Problem to solve:
Output exactly the lines that run from the start of the records to the line with "टिड्डी दल को लेकर बयाना में सतर्कता", counting both ends, and skip the pictures.

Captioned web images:
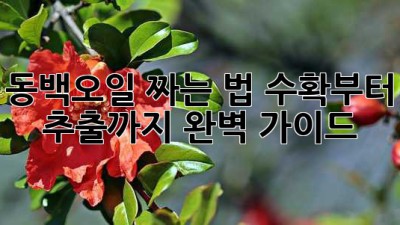 동백오일 짜는 법: 수확부터 추출까지 완벽 가이드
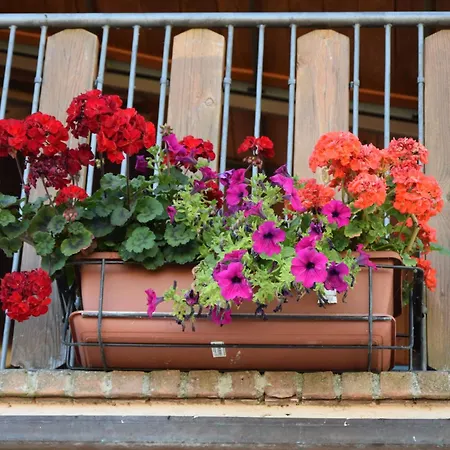 Appartement Casa Galoppa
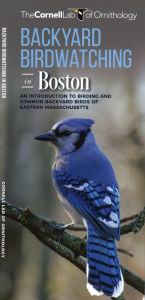 Title: Backyard Birdwatching in Boston: An Introduction to Birding and Common Backyard Birds of Eastern Massachusetts, Author: Waterford Press Waterford Press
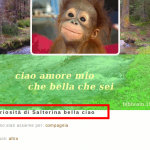 Screenshot-2018-2-17 Salterina bella ciao – Riplove.png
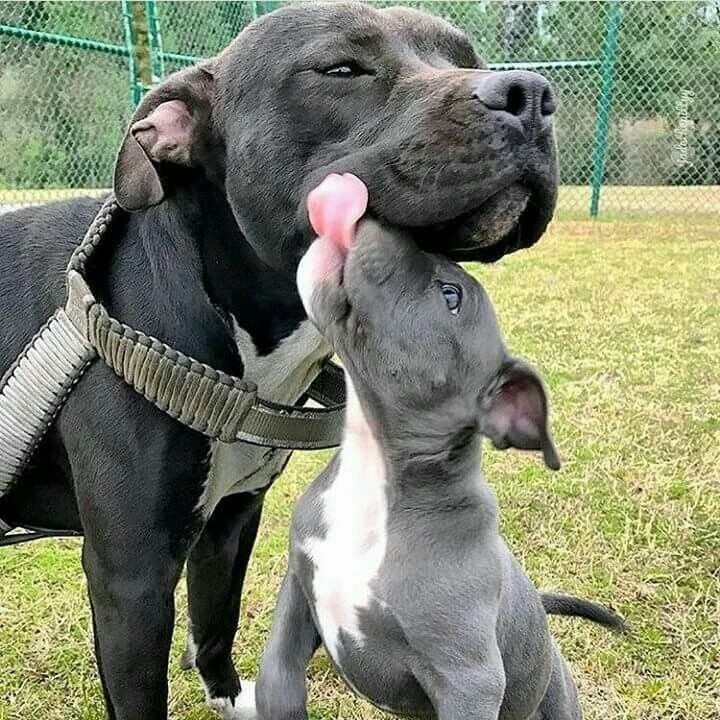 ♥️♥️♥️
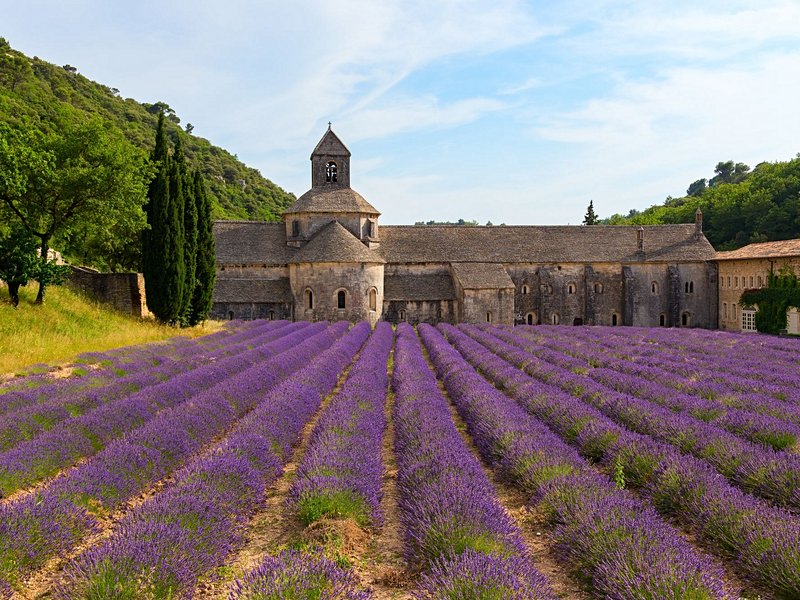L'Abbaye de Sénanque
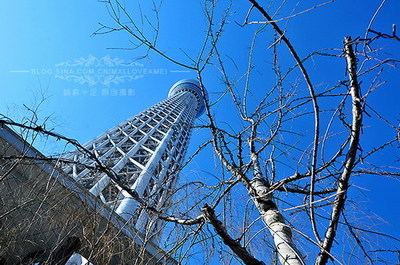 【日本·东京】晴空塔，漫步于450米空中仙境 东京晴空塔预约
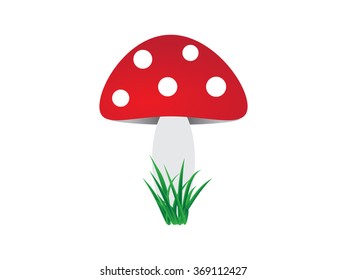 mushroom in the grass
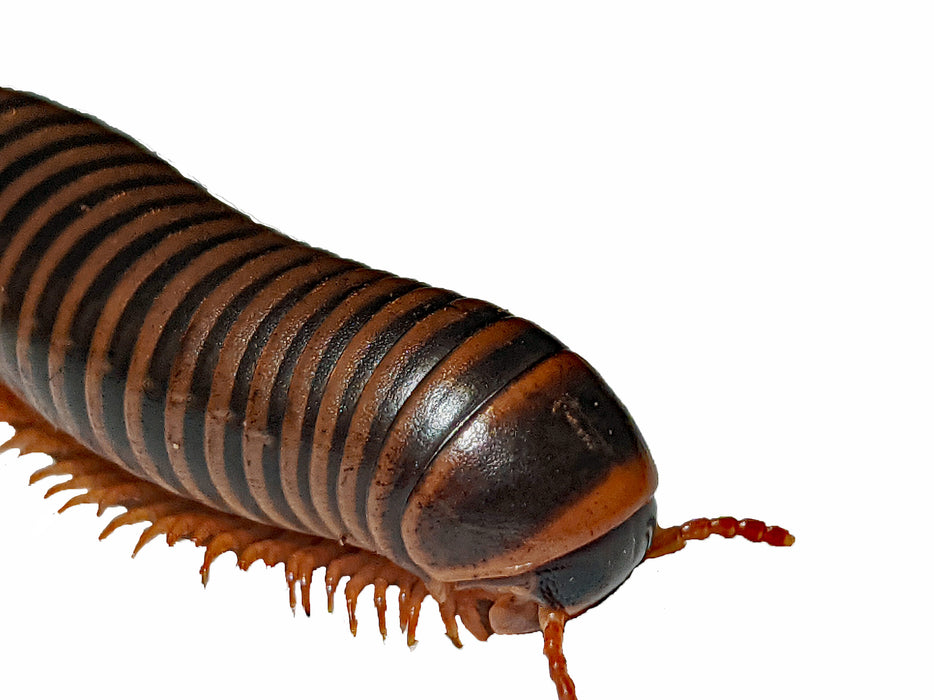 South American Millipede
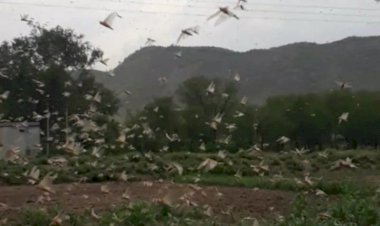 टिड्डी दल को लेकर बयाना में सतर्कता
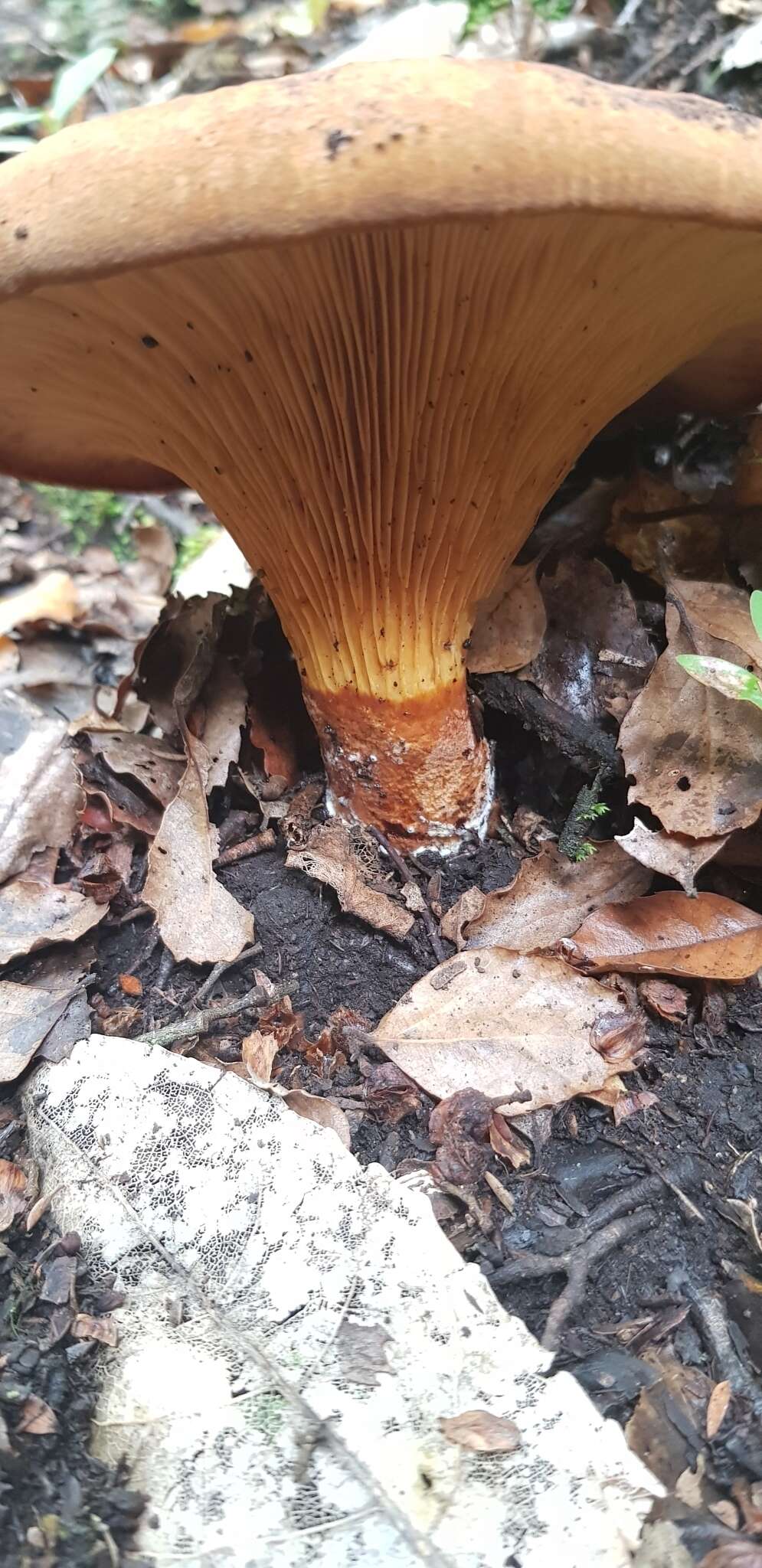 Image of Austropaxillus nothofagi (McNabb) Bresinsky & Jarosch 1999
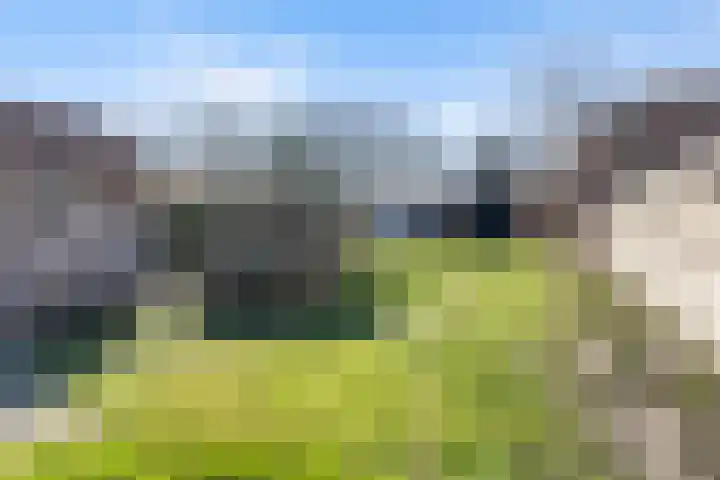 Prof. Heymansstraat 14 Ferwert thumbnail 35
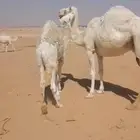 قعودين للبيع شحم عرالحليب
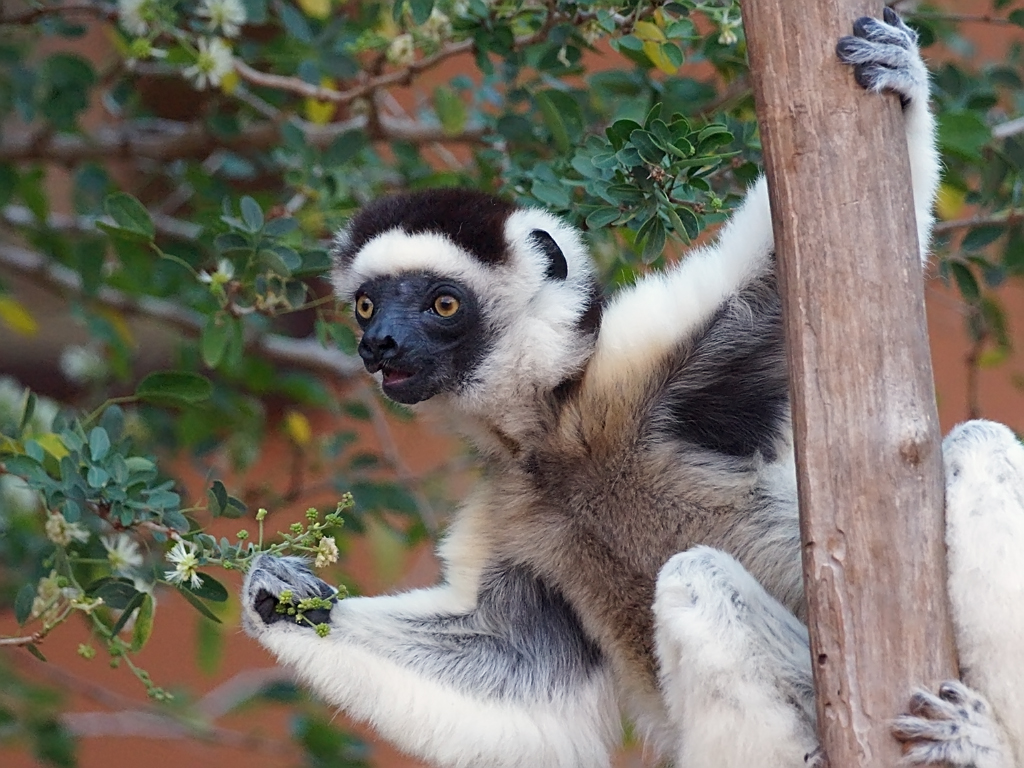 Propithecus verreauxi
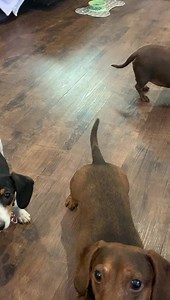 22K views · 5.5K reactions | Thanks so much to our sweet friend Dayna Meagher for our wonderful Christmas gifts! The boys and Torvi have been outside playing fetch and tug-of-war with their new toys, and I absolutely love my dachshund cosmetic bag!! 殺 | The DACH Sons | Facebook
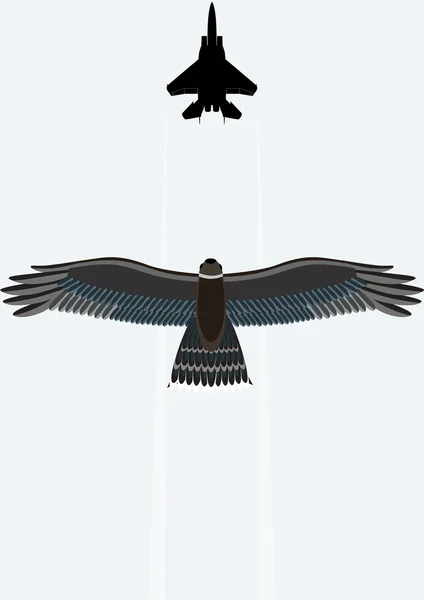 鹰和一架战斗机 — 图库矢量图片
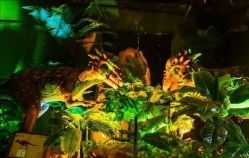 -恐龙探索乐园(磁器口店)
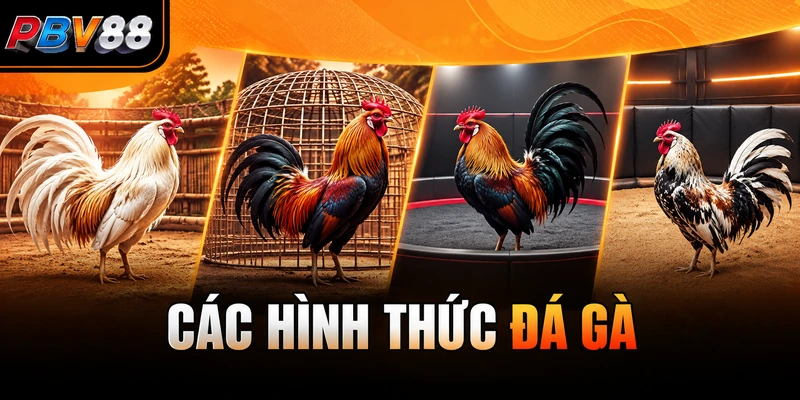 CÁC HÌNH THỨC ĐÁ GÀ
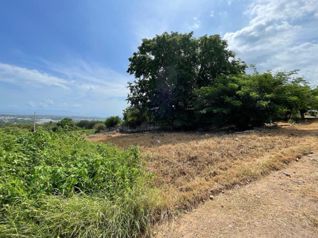 Venta de Lote de 600 M² | San Miguel de Barranca, Puntarenas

Response for this exercise:
 동백오일 짜는 법: 수확부터 추출까지 완벽 가이드
 Appartement Casa Galoppa
 Title: Backyard Birdwatching in Boston: An Introduction to Birding and Common Backyard Birds of Eastern Massachusetts, Author: Waterford Press Waterford Press
 Screenshot-2018-2-17 Salterina bella ciao – Riplove.png
 ♥️♥️♥️
L'Abbaye de Sénanque
 【日本·东京】晴空塔，漫步于450米空中仙境 东京晴空塔预约
 mushroom in the grass
 South American Millipede
 टिड्डी दल को लेकर बयाना में सतर्कता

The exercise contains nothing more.